- [Data under study]:
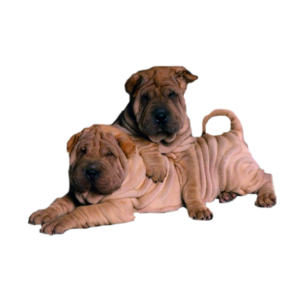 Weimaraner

==

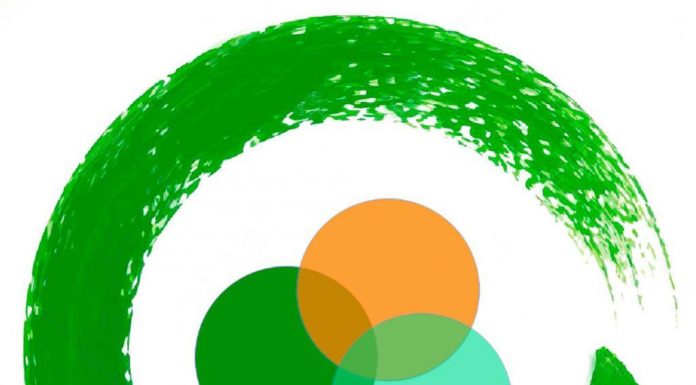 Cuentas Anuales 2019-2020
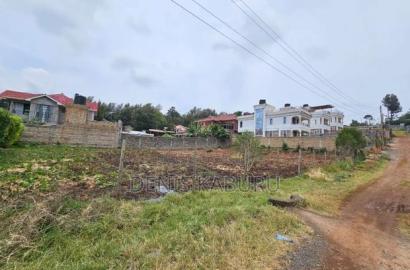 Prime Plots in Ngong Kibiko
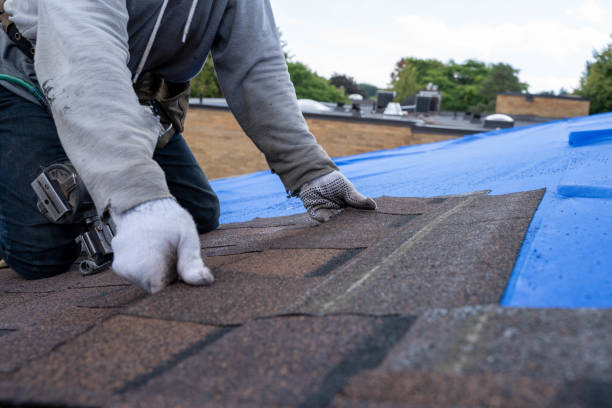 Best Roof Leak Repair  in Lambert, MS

==

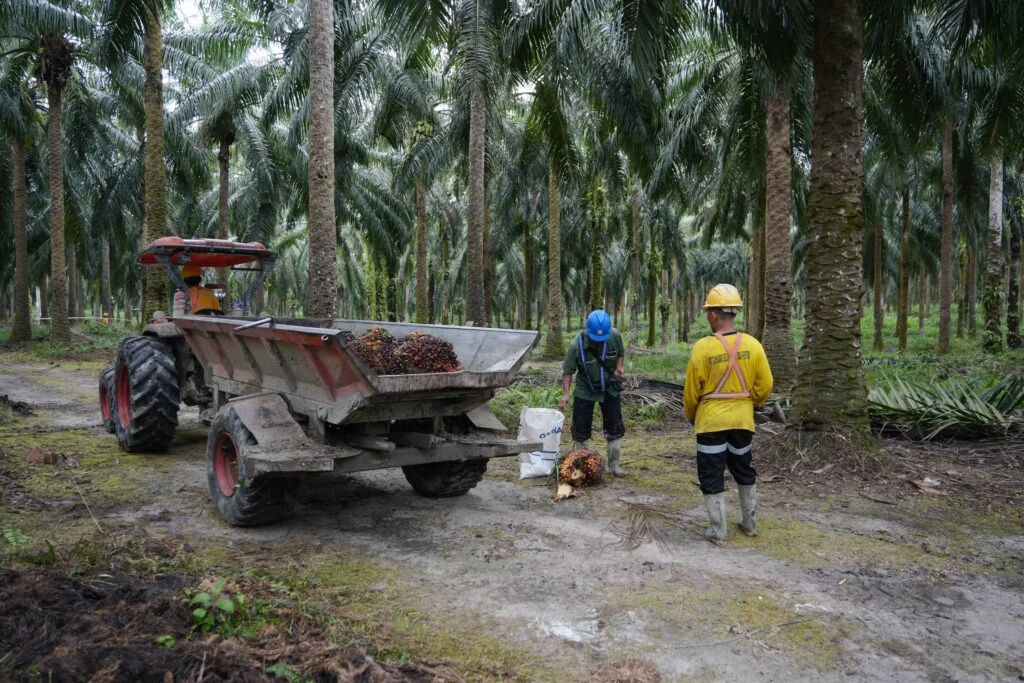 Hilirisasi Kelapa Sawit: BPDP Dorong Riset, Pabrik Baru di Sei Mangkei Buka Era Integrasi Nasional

- [What to do]: Once the line with "Cuentas Anuales 2019-2020" is found above, print it and every line after it through the line with "Best Roof Leak", exactly. Pictures stay out.

- [Task result]:
 Cuentas Anuales 2019-2020
 Prime Plots in Ngong Kibiko
 Best Roof Leak Repair  in Lambert, MS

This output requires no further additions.